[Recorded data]
== Segment start ==
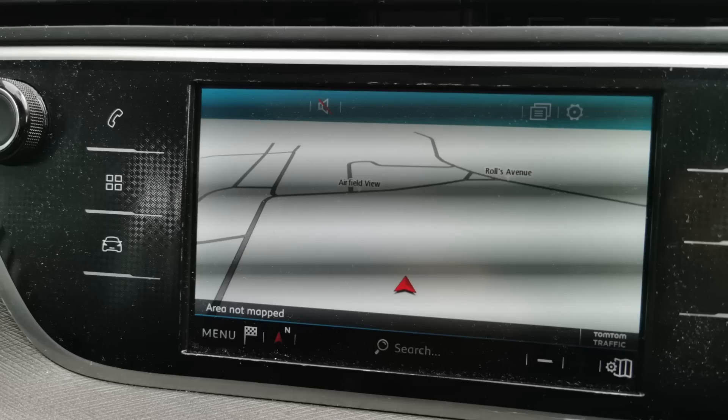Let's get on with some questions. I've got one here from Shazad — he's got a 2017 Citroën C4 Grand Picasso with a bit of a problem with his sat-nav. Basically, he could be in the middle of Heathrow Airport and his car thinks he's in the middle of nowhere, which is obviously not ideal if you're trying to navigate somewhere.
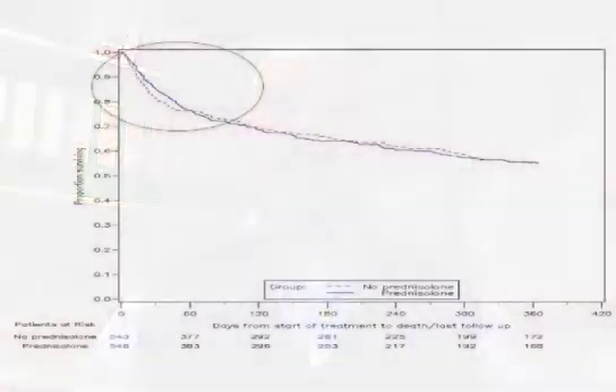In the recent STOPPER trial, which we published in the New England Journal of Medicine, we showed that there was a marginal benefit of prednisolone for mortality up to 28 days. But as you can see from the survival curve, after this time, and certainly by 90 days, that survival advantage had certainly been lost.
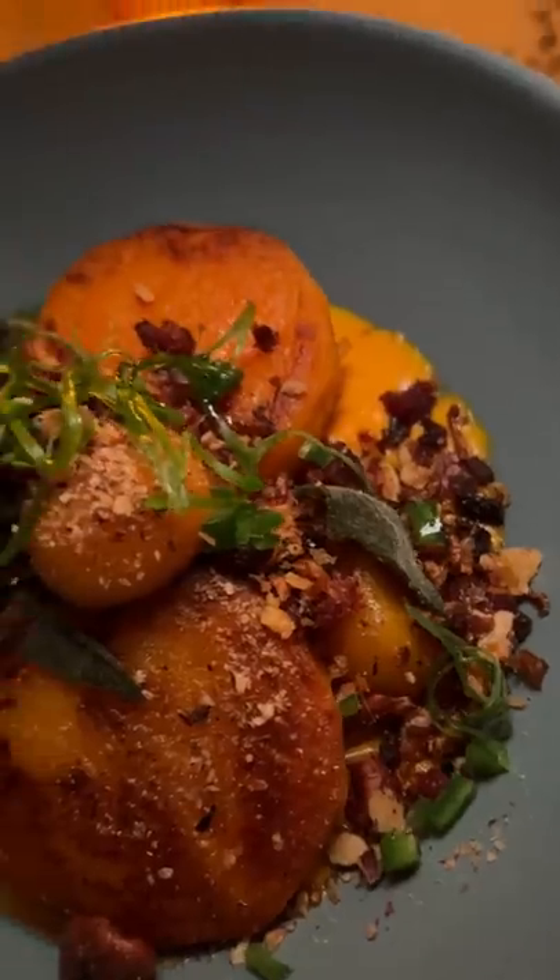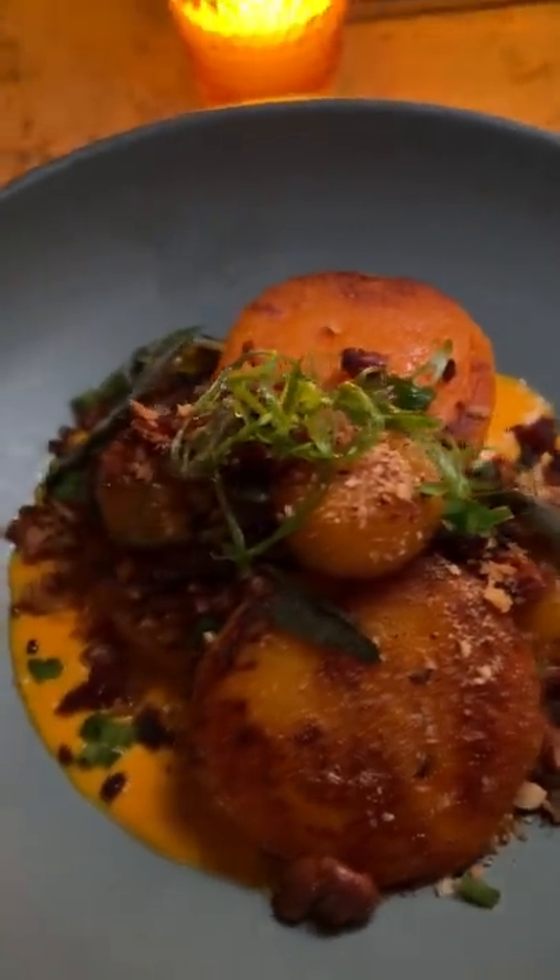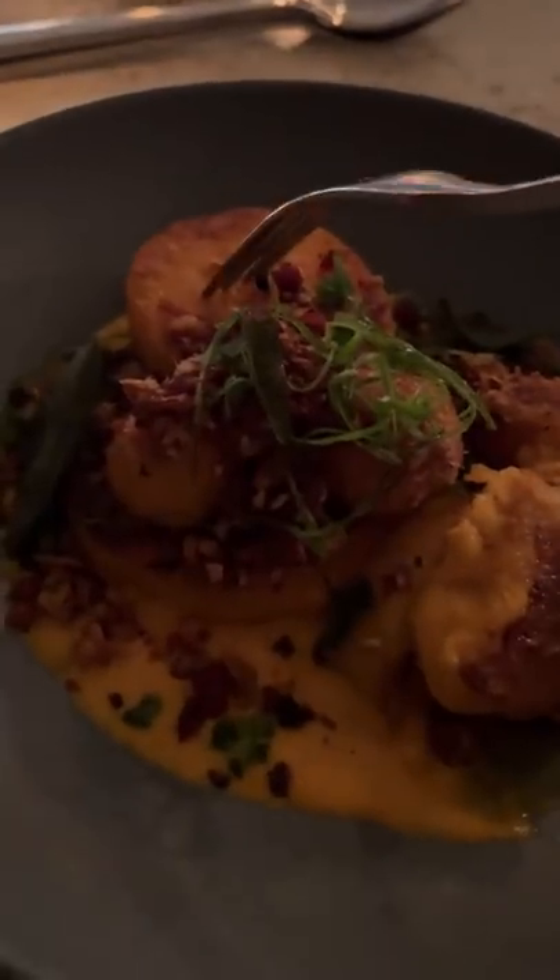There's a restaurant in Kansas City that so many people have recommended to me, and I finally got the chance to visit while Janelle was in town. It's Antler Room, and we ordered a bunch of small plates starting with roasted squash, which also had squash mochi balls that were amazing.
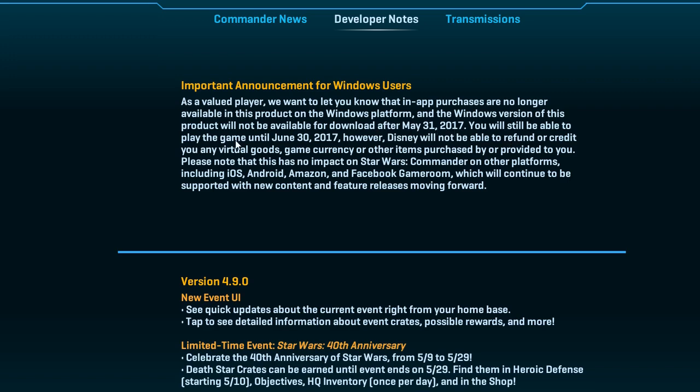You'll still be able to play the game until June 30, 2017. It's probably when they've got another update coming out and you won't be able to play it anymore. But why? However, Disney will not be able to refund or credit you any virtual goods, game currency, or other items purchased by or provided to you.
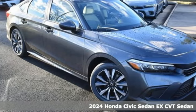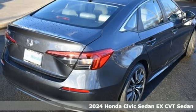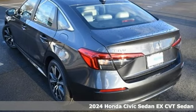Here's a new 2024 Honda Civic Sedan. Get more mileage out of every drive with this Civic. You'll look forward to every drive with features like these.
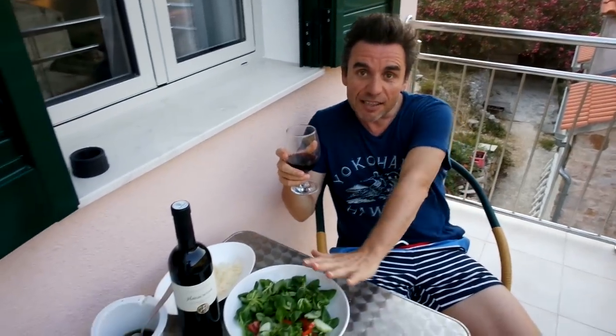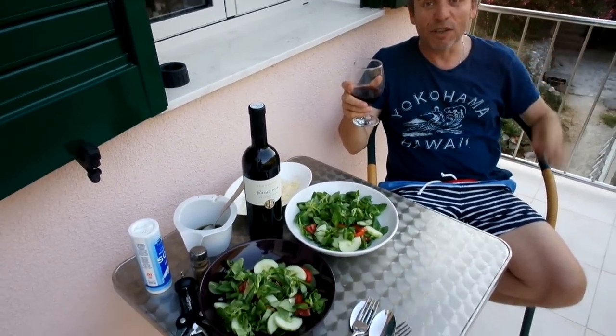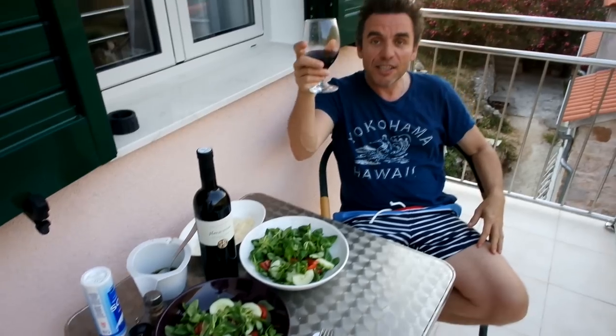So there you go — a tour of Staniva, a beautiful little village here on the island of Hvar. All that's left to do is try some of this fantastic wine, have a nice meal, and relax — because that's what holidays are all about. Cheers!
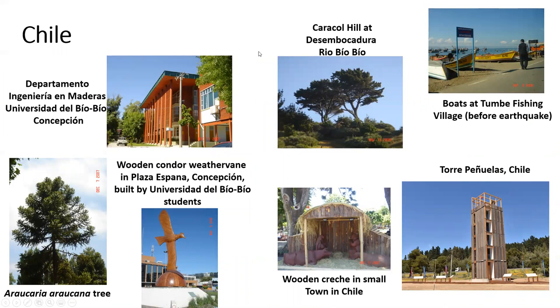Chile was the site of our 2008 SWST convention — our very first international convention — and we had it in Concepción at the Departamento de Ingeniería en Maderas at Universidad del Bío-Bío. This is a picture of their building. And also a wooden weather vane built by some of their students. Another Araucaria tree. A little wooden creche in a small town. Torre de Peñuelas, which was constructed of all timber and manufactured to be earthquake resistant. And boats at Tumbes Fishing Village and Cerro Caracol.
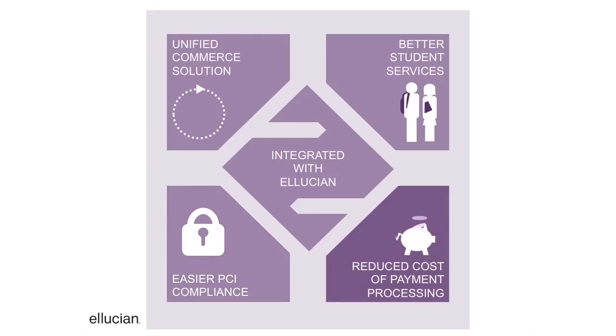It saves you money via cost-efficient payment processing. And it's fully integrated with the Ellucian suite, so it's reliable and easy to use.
== Segment end ==
_Your goal_
The records above are to be copied exactly, with no pictures carried over.

_Expected answer_
Let's get on with some questions. I've got one here from Shazad — he's got a 2017 Citroën C4 Grand Picasso with a bit of a problem with his sat-nav. Basically, he could be in the middle of Heathrow Airport and his car thinks he's in the middle of nowhere, which is obviously not ideal if you're trying to navigate somewhere.
In the recent STOPPER trial, which we published in the New England Journal of Medicine, we showed that there was a marginal benefit of prednisolone for mortality up to 28 days. But as you can see from the survival curve, after this time, and certainly by 90 days, that survival advantage had certainly been lost.
There's a restaurant in Kansas City that so many people have recommended to me, and I finally got the chance to visit while Janelle was in town. It's Antler Room, and we ordered a bunch of small plates starting with roasted squash, which also had squash mochi balls that were amazing.
You'll still be able to play the game until June 30, 2017. It's probably when they've got another update coming out and you won't be able to play it anymore. But why? However, Disney will not be able to refund or credit you any virtual goods, game currency, or other items purchased by or provided to you.
Here's a new 2024 Honda Civic Sedan. Get more mileage out of every drive with this Civic. You'll look forward to every drive with features like these.
So there you go — a tour of Staniva, a beautiful little village here on the island of Hvar. All that's left to do is try some of this fantastic wine, have a nice meal, and relax — because that's what holidays are all about. Cheers!
Chile was the site of our 2008 SWST convention — our very first international convention — and we had it in Concepción at the Departamento de Ingeniería en Maderas at Universidad del Bío-Bío. This is a picture of their building. And also a wooden weather vane built by some of their students. Another Araucaria tree. A little wooden creche in a small town. Torre de Peñuelas, which was constructed of all timber and manufactured to be earthquake resistant. And boats at Tumbes Fishing Village and Cerro Caracol.
It saves you money via cost-efficient payment processing. And it's fully integrated with the Ellucian suite, so it's reliable and easy to use.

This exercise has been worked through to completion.